Work to be completed: Exactly transcribe the span of lines from the one containing "Al Aqsa: Israel" through the final line of the entries, inclusive, and nothing outside it. Exclude the pictures.

[Records from a data collection]

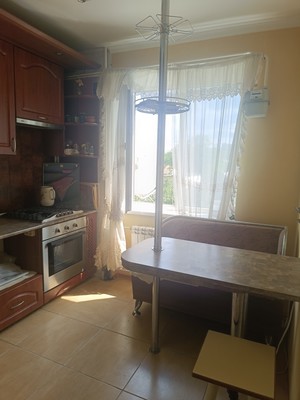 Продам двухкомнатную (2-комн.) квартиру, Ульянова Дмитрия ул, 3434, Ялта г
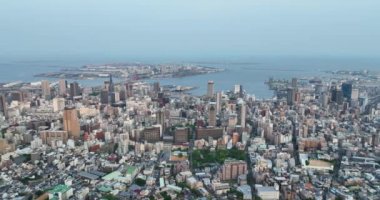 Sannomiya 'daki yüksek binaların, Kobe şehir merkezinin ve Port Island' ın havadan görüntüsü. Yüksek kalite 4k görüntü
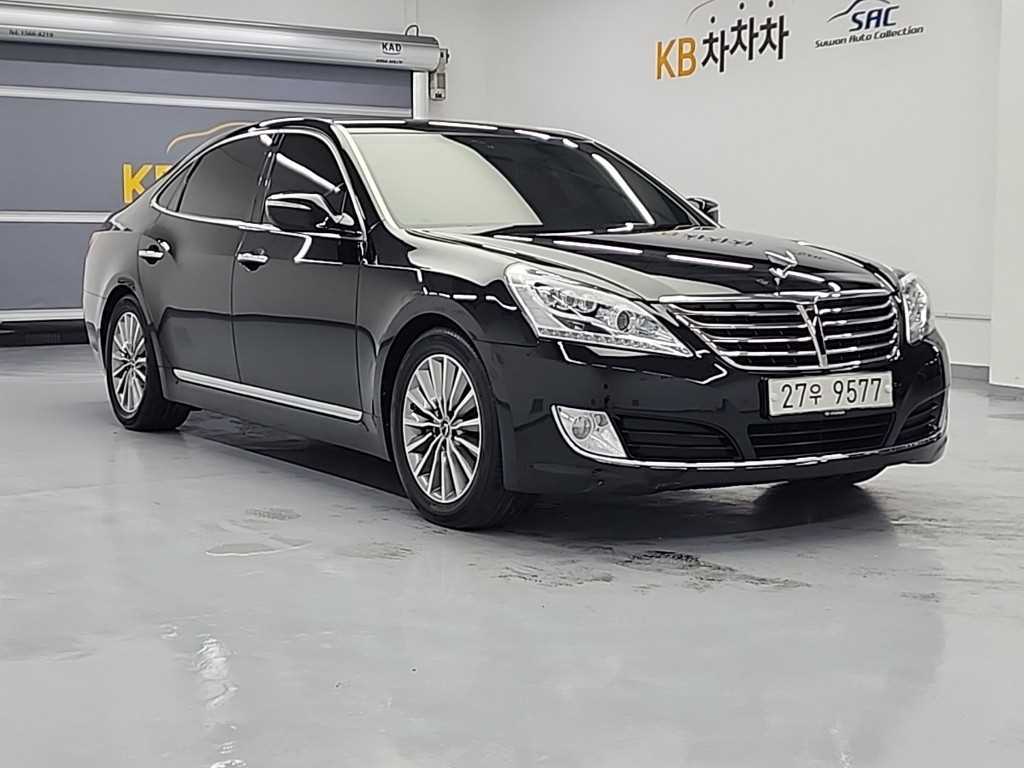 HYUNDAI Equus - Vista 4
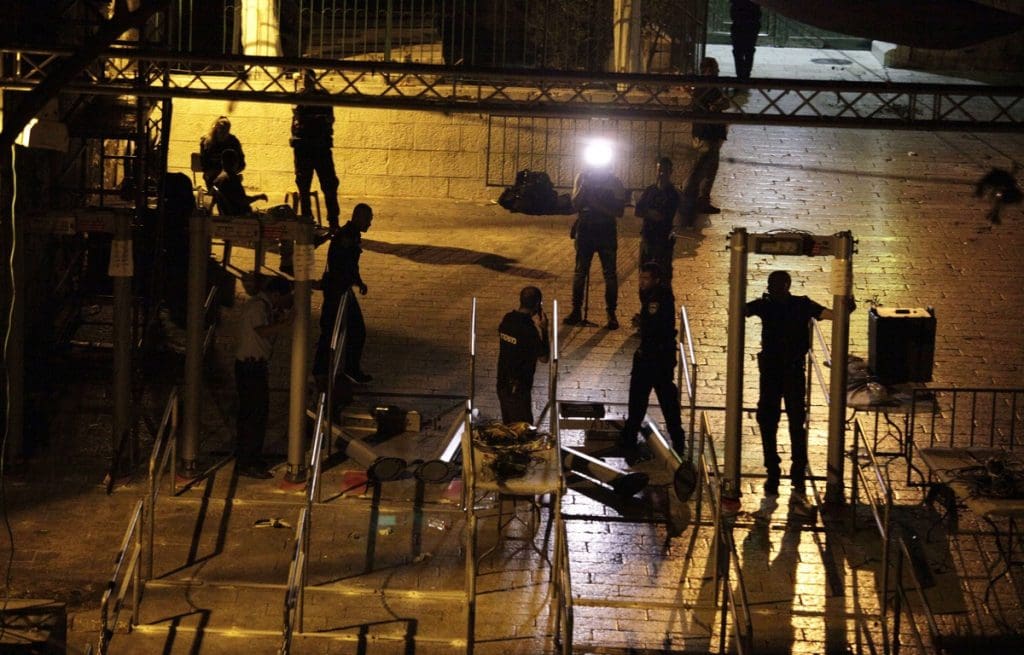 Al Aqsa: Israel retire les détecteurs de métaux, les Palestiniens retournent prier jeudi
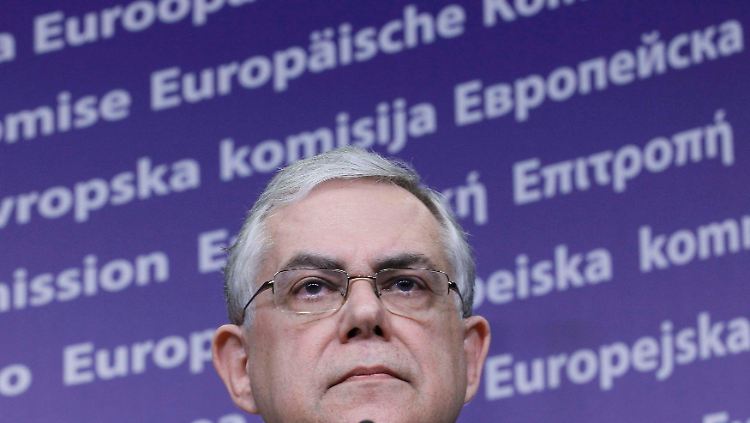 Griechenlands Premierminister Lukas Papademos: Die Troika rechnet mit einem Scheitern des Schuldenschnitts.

The completed task:
 Al Aqsa: Israel retire les détecteurs de métaux, les Palestiniens retournent prier jeudi
 Griechenlands Premierminister Lukas Papademos: Die Troika rechnet mit einem Scheitern des Schuldenschnitts.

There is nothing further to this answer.